Anti-Inflammatory Diet

All health care starts with diet. My recommendations for a healthy diet are here:
Anti-Inflammatory Diet and Lifestyle.
There are over 190 articles on diet, inflammation and disease on this blog
(find topics using search [upper left] or index [lower right]), and
more articles by Prof. Ayers on Suite101 .

Monday, December 22, 2008

Is a Belly Bad?

A protruding midsection can mean many different things. It can be obesity, starvation/kwashiorkor or sarcopenia. It can mean there is a layer of fat outside, sagging organs poorly supported by weak abdominal muscles or fat surrounding the organs and stretching the muscles outward.

Alternatively having the same “lean” profile at 60 as at 16 could be a sign of a decline of muscle and an increase in fat surrounding organs. You can always have a porthole put in to see what is going on, or you can check the calendar and your C-reactive protein level.

If you are over fifty and your doctor has told you that your CRP, a measure of inflammation, is starting to creep up, then you are starting to suffer from age-related loss of muscle, sarcopenia. That is, you have begun to replace your muscle mass with fat, and the fat is producing inflammatory signal molecules, cytokines, that are the same as those produced by your immune system cells in response to an infection.

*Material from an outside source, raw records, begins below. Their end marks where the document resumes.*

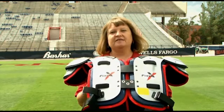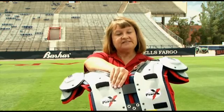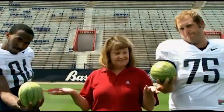In this case, it's the football padding that does the trick. Part of the time of the collision is spent compressing this padding, which means the players feel a smaller force. And here are former Wildcat players Joe Longacre and Terrell Turner to demonstrate this principle using melons instead of players.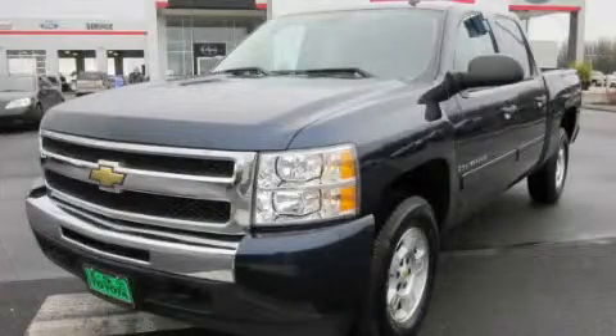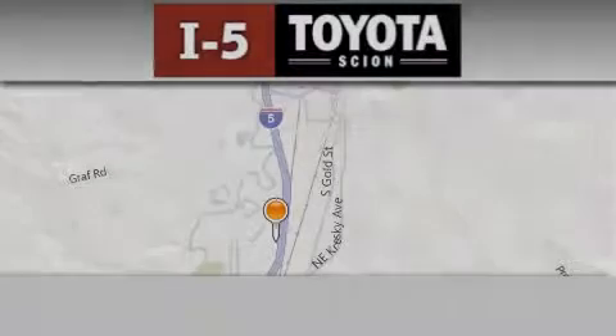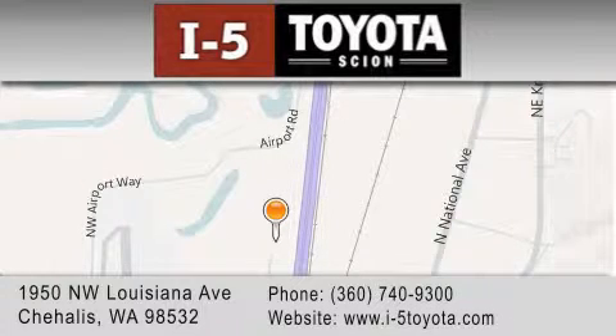This vehicle won't last long at this price. Call in for a test drive now. I-5 Toyota is located at 1950 Northwest Louisiana Avenue in Sherhales. Our goal is to exceed all of your expectations to ensure that you'll return for future visits.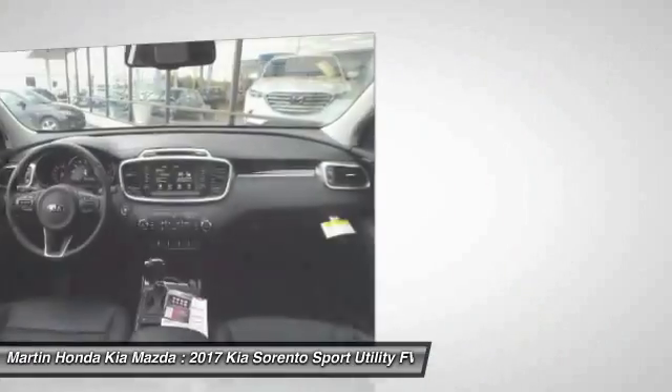If you like it online, you'll love it in your driveway. Take it for a spin today.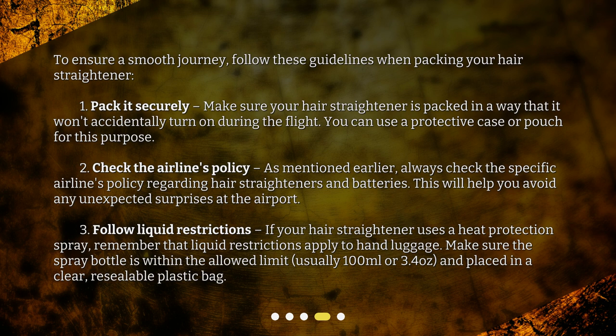3. Follow liquid restrictions. If your hair straightener uses a heat protection spray, remember that liquid restrictions apply to hand luggage. Make sure the spray bottle is within the allowed limit — usually 100 milliliters or 3.4 ounces — and placed in a clear, resealable plastic bag.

Most of the symptoms we associate with aging are just poorly managed chronic inflammation, as a result of replacing muscle with fat. The fat is metabolically lethargic, so you actually need less food, as your muscle mass declines. The result is that it is progressively easier to put pounds on. That is the bad news. The good news is that building muscle requires at least one of the inflammatory cytokines produced by fat, IL-6, so gaining muscle should be easier until you get back into shape. Losing weight is also anti-inflammatory, if the loss is fast enough to produce a fasting physiology.

All of the diseases associated with increasing age are just the accumulation of problems that result from increasing levels of chronic inflammation. Most of the increase is the result of inflammatory diet, but the increasing inflammation also decreases the desire to be physically active, with the result being a loss of muscle mass. Adjustment to an anti-inflammatory diet and lifestyle, can reverse the aging process.

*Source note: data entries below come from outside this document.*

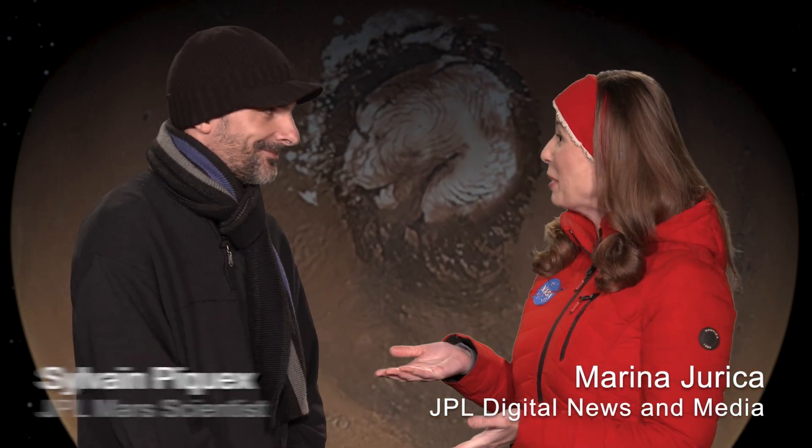Let It Snow takes on a whole new meaning on Mars. I'm Marina Jureka, here with Sylvain Picot, and we are talking about snow, ice and frost on the Red Planet. Welcome, Sylvain.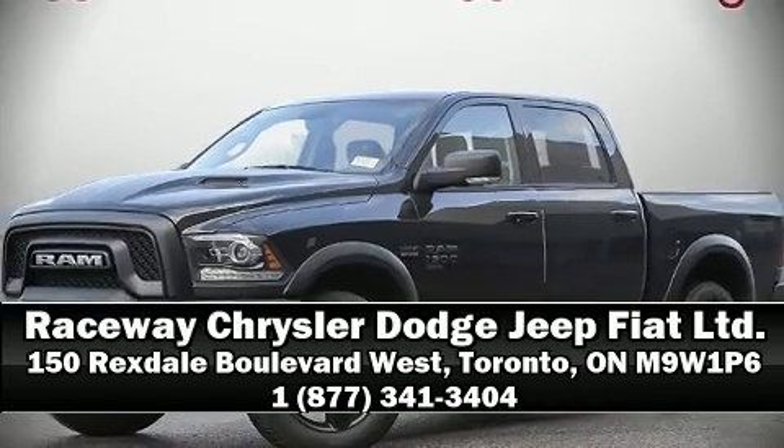you'll maintain precise command of the roadway. Please don't hesitate to give us a call.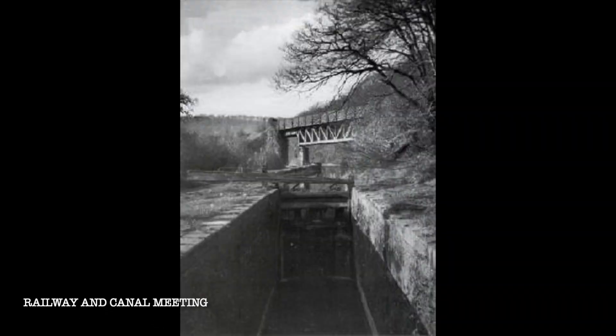This canal goes that direction and the railway goes that direction, so it's logical that at some point they're going to meet. There's a bit of an extra — I'm going to have a look at where the railway met the canal.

It is also possible to be physically active and have a youthful muscle mass, but still have an inflammatory diet. The result will still be chronic inflammation, and cryptic inflammatory diseases that accumulate with time and produce sudden failures of joints, coronary arteries or cancer. Estrogens are also naturally anti-inflammatory, so women will find that menopause reveals any inflammatory diet/lifestyle that has been hormonally camouflaged. Thus, menopause may produce any of the typical signs of inflammation, e.g. acne, depression, back problems, arthritis, etc.

The bottom line is that a weak gut and/or extra body fat will cause problems at any age. And at any age, the diseases that are associated with inflammation can be minimized or avoided by an anti-inflammatory diet and lifestyle/exercise.